I just found out that my co-worker’s grandmother just died. She was – understandably – wrecked and had to leave work. Today, we are all sharing thoughts with her to show support and it got me thinking about my own grandmothers and what I learned from them:
- Always have a good time. My maternal grandmother was a party girl – my earliest memories of her revolve around entertaining: hams, turkeys, bloody marys, smoking and swing music. While my mother has a different view of things, to me it was always an environment of joy, celebration and friendship. The warmth she exuded while entertaining was the same whether the house was full of people or just the two of us. Either way, she taught me that it’s important to have fun with the people you love.

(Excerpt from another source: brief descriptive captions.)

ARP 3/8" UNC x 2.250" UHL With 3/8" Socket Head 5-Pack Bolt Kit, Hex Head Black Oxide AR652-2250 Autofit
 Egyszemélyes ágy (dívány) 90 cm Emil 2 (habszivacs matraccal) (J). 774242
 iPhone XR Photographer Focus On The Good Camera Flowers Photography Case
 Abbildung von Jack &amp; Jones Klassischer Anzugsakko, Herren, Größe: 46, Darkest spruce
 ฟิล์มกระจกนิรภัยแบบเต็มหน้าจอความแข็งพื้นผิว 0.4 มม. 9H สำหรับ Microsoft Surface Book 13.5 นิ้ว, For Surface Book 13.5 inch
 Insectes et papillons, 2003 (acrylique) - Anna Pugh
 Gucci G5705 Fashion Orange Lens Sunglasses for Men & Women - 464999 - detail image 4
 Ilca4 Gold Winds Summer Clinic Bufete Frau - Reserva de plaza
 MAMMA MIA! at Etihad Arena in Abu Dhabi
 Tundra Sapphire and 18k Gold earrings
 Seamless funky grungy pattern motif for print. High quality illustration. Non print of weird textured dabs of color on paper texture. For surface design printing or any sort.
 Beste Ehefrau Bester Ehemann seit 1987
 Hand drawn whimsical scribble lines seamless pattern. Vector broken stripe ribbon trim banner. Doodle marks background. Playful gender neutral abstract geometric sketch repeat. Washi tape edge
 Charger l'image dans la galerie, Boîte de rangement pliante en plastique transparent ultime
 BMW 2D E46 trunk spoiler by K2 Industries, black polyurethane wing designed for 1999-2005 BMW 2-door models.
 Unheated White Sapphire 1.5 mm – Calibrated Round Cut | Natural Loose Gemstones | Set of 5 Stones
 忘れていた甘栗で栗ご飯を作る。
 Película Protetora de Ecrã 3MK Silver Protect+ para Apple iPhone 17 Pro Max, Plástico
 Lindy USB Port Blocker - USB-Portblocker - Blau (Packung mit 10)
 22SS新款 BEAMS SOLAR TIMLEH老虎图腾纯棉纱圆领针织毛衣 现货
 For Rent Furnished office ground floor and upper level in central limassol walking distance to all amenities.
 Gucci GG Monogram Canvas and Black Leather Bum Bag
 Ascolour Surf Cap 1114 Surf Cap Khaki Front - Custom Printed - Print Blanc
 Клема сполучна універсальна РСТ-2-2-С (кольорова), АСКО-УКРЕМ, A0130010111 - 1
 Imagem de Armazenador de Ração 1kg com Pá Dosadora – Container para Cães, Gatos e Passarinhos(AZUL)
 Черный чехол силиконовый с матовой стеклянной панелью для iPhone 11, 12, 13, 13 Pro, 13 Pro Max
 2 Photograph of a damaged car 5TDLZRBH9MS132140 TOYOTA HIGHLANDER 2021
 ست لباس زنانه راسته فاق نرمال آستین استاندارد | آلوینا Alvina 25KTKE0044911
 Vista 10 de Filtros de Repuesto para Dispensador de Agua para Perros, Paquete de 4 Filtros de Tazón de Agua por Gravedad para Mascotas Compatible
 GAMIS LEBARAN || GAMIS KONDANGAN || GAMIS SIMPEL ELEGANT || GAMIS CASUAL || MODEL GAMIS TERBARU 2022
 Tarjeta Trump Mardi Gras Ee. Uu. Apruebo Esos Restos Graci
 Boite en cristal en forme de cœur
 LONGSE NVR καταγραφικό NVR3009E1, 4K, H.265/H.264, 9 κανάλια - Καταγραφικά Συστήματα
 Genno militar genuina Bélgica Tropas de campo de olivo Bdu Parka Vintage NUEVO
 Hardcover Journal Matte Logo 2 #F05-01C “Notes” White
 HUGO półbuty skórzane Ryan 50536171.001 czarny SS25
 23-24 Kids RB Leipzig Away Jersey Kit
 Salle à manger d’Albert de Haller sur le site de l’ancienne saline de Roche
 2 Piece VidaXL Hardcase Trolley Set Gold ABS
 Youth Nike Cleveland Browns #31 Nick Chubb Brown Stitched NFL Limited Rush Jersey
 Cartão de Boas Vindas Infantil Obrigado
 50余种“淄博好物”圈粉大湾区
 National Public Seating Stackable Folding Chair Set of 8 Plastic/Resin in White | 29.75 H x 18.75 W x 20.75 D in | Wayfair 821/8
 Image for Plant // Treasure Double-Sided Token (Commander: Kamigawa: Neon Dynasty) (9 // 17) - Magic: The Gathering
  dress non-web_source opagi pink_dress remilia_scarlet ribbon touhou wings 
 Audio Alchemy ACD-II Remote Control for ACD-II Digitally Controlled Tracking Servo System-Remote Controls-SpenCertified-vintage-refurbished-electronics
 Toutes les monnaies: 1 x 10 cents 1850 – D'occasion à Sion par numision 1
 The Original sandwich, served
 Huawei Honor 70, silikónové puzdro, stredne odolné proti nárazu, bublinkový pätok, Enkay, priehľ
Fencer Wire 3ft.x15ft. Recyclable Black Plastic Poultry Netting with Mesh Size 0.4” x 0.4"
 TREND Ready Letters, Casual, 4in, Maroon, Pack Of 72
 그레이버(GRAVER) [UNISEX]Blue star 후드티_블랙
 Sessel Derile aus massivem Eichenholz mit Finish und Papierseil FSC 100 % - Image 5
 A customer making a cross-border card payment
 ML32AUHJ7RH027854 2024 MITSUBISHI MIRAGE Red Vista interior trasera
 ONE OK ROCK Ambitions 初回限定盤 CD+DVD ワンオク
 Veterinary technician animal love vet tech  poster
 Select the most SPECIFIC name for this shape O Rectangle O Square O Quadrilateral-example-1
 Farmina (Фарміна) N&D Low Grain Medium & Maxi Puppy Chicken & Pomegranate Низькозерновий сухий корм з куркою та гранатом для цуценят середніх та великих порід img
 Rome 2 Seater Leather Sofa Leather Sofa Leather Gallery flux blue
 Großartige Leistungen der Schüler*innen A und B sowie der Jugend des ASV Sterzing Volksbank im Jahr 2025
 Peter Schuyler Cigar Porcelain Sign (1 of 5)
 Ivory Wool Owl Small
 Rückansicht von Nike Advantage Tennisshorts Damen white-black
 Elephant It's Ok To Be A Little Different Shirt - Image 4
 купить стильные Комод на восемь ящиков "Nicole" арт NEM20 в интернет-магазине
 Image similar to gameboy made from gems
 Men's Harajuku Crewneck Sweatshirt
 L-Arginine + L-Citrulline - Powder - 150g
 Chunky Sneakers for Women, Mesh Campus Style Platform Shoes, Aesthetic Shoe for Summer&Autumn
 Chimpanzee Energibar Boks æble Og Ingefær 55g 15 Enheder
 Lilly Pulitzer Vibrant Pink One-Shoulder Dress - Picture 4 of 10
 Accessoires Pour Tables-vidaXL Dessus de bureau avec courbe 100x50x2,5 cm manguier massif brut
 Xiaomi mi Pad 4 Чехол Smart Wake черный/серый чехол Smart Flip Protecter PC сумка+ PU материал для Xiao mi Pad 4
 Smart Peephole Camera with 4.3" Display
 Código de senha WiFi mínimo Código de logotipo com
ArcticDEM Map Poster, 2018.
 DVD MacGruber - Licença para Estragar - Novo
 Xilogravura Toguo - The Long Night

- If all else fails, make fudge. My paternal grandmother was not the warm and fuzzy type. She was serious, cranky and distant…we had very little in common. But we still managed to connect on a very basic level: she made the best fudge ever. She may not have been able to hug and snuggle me, but that fudge let me know how much she loved me. (That and her mac ‘n cheese…yum…)
- A place of refuge. When I was in college, times were tough for my family; we were going through a lot. I didn’t know or understand the extent of things, but I did know that my parents had a series of difficult decisions and there was a lot of stress. My grandmother stepped in with the option for me to live with her. She wasn’t one for heart-to-hearts, but she offered me a place to decompress and process in peace.
- Music is important. With both grandmothers, music played a role in our relationships. At both houses, there was always music in the background (my paternal grandfather was a drummer in a Dixieland band). When we would arrive at my grandmother’s house, she would direct us upstairs to “put on your suits” and go get into the pool – she had an old “boom box” that she’d put in the window from the kitchen and blast swing music while we swam. They were both one-woman audiences for all our shows and musicals. They taught me songs that I sing to my own children.
I am under no delusion that my grandmothers were perfect, or that they were even good mothers. But they were important people in my life, people who offered support, guidance, a way out and love…to me, they are wonderful foundational pieces of my childhood and my adulthood. I thank them for all they were capable of giving and for giving it – I think that might be the most important lesson: giving something is better than giving nothing…the smallest things can end up being bigger than you’d ever think possible!